保育現場の負担軽減へ 補助者やICT活用で効率化
人材確保が課題となっている保育現場で、保育士の業務負担を軽減する取り組みが進んでいる。ゆとりのある保育士の配置やICT(情報通信技術)の活用などで働きやすい環境を整え、人材を集めるのが狙いだ。国も働き方の改善を後押ししている。

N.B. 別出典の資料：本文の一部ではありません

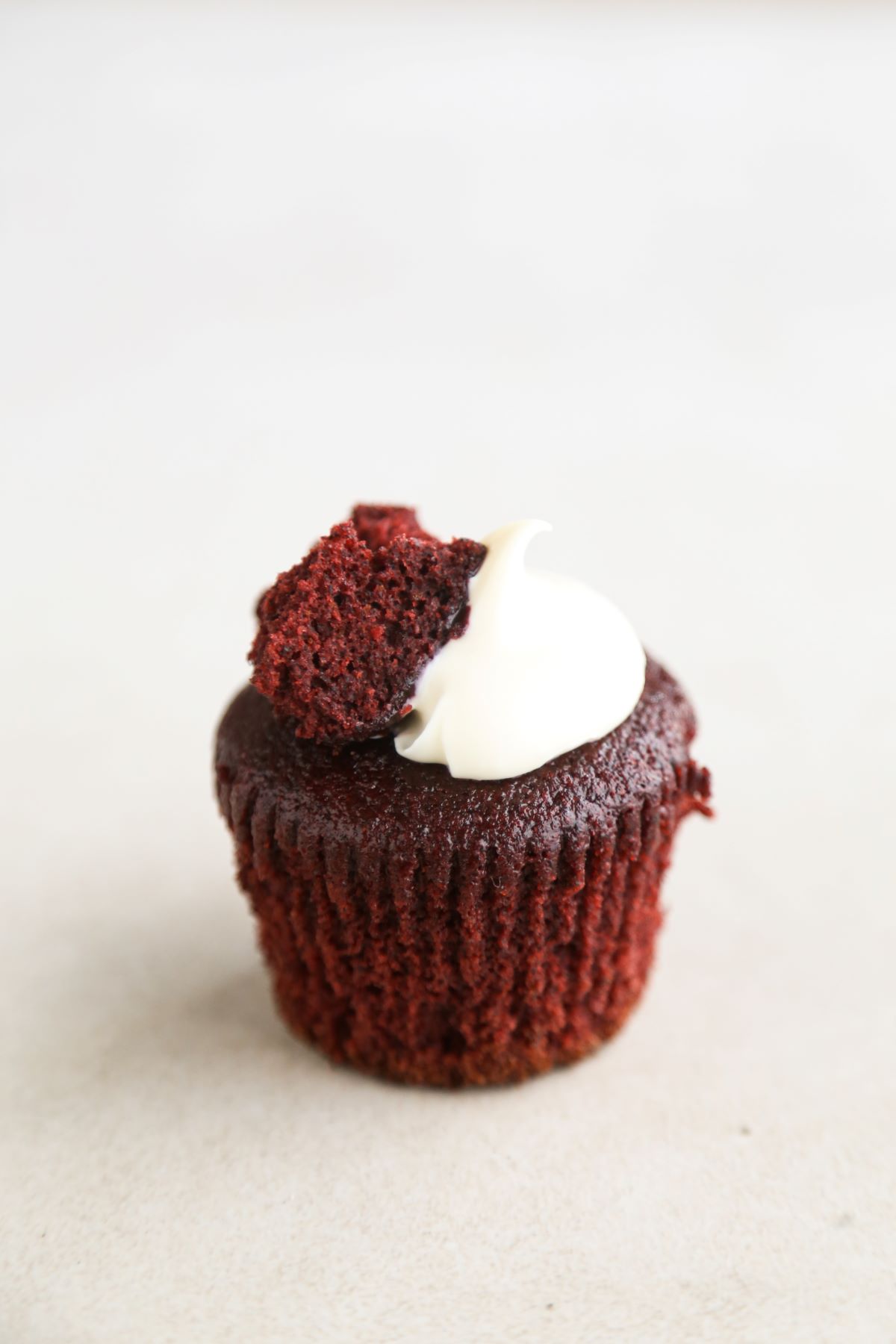 Red velvet muffin with cream cheese frosting on a white surface.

5月中旬、大阪市西淀川区の認定こども園「たからこども園」で、保育士の藤原衣美香さん(33)がおもちゃをレール上に走らせ、子どもの興味を引いていた。そばでは、ほかの保育士2人も子どもたちに目を配る。1歳児クラスでは、9人を3人の保育士で見守る。これは国が定める配置基準(6人につき1人)より手厚い。国や市の補助金を人件費に充てている。
業務効率化のためのICT活用
同園では、保育士の事務作業を減らすためにICTツールを導入。連絡帳のデジタル化や、子どもの発達記録の入力支援などを行い、保育士が子どもと向き合う時間を増やしている。また、補助者を配置することで、保育士の負担をさらに軽減。これにより、離職率の低下や新たな人材の確保につながっている。
国も支援を強化
厚生労働省は、保育士の負担軽減を目的に、補助者配置への補助金やICT導入支援を拡充。2026年度からは、保育士の配置基準の見直しも検討している。現場からは「ゆとりができて、子ども一人ひとりと向き合える時間が増えた」との声が上がっている。